Saturday, 9 February 2013
…and know His will, and approve the things that are excellent, being instructed out of the law, Romans 2:18
There are two general meanings that the word “approve” could mean in this verse. The first would be “to approve of” and the other would be to “prove” or to “discern between.” Either would make sense in the context of the verse and it should be noted that the former would merely be the result of exercising the latter. In the overall context and because one eventually results in the other, it would be logical that Paul is speaking of discernment.
This type of discernment is found in the testing of metals by fire. When they are heated they are proven pure, found to be mixed with lesser metals, or defiled by impurities. The fire reveals the purity, nature, and quality of the solid by breaking it down into liquid. Jesus uses this same term in Luke 12:56 in a manner revealing discernment –
“Hypocrites! You can discern the face of the sky and of the earth, but how is it you do not discern this time?” Luke 12:56
The people He was addressing could walk out from morning to morning and tell what the weather would be like by the color of the sky.
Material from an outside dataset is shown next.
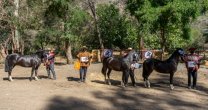 Asociación de Criadores de Maipo iniciará la temporada con asamblea de socios Asociación de Criadores de Maipo iniciará la temporada con asamblea de socios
But when the Light of the world came and revealed His glory, they were blinded and unable to make a right discernment about who He actually is.
In a like manner, Paul shows that the Jew, putting his trust in the law as an end in and of itself, boasts in God because they “know His will” from the law. This is done regardless of whether they actually have faith in God or not. They know what He expects from a mechanical sense and therefore can discern between what is good and what isn’t. They obtain this because they are “being instructed out of the law.”
The word “instructed” here is from the Greek word katechoumenos. It is where we obtain our word “catechumen” – one who is being instructed. From this comes the word catechism, or instruction.
The instruction they receive helps them to understand what is right, but he will show that it doesn’t guarantee that the knowledge will be transferred to right action. As an example, a judge may know the law like the back of his hand, but this doesn’t mean that he will actually obey the law that he knows. Time and time again we read of judges who are arrested for committing the very crimes that they judge others for. These judges –
1) Know the law (His will)
2) Agree with the law because they judge others using it (approve the things that are excellent)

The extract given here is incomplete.